Leaving out the pictures, please reproduce exactly and only the lines from the one that contains "蕲春县漕河镇中学和黄冈市武穴梅川中学对比哪个好？" through the last line below.

Top of Information given

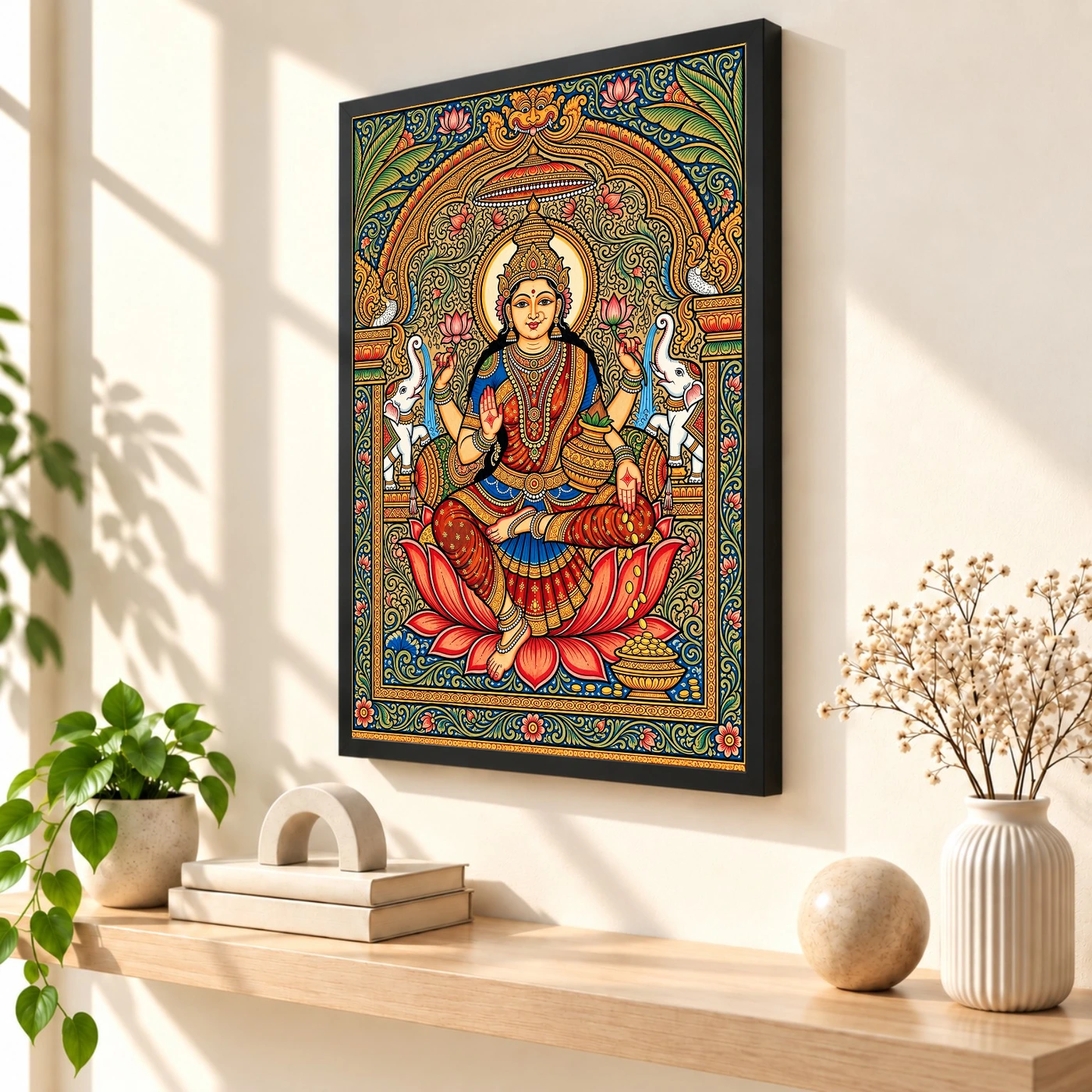 Lakshmi Pattachitra Odisha Traditional Folk Art Photo Frame, view 2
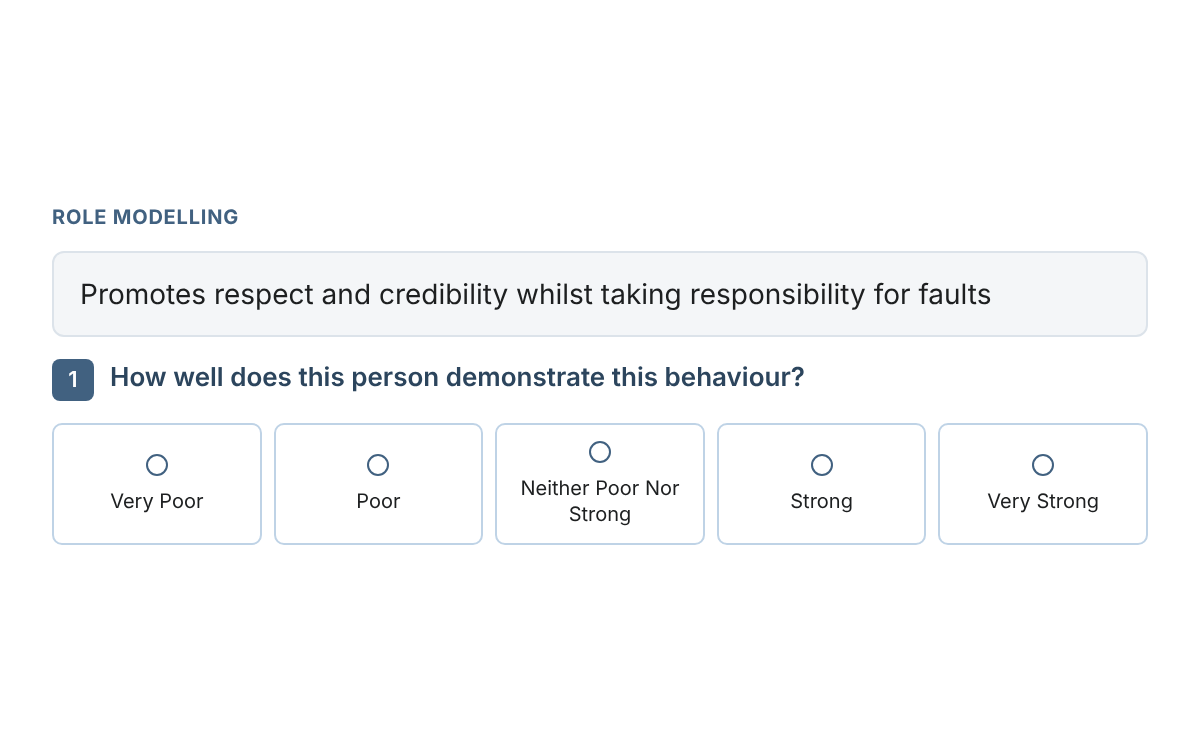 Example from the Manager Benchmark 360 Survey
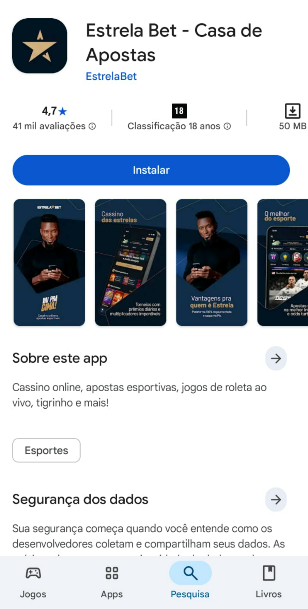Tela para baixar o app Estrela Bet na Play Store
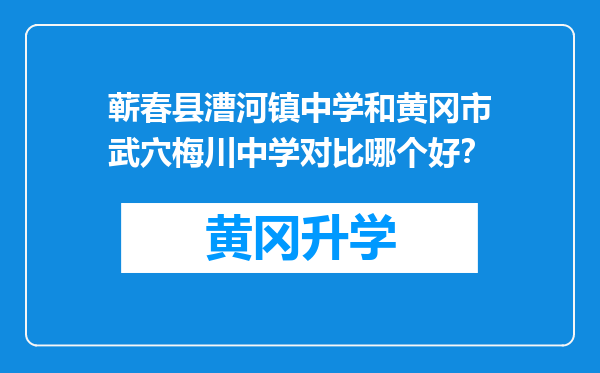 蕲春县漕河镇中学和黄冈市武穴梅川中学对比哪个好？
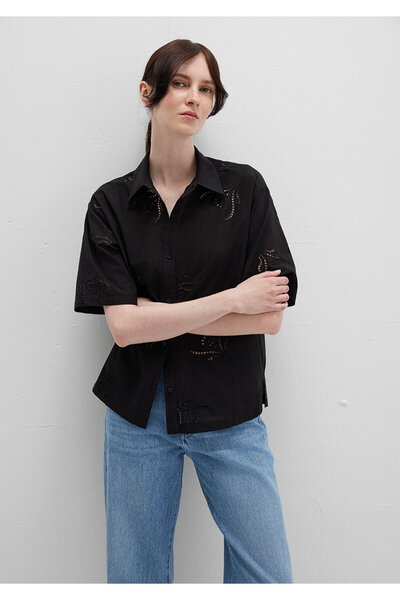 Mavi Brode Detailed Black Shirt Loose Fit / Loose Relaxed Cut 1211186-900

Bottom of Information given

* **Your response**:
 蕲春县漕河镇中学和黄冈市武穴梅川中学对比哪个好？
 Mavi Brode Detailed Black Shirt Loose Fit / Loose Relaxed Cut 1211186-900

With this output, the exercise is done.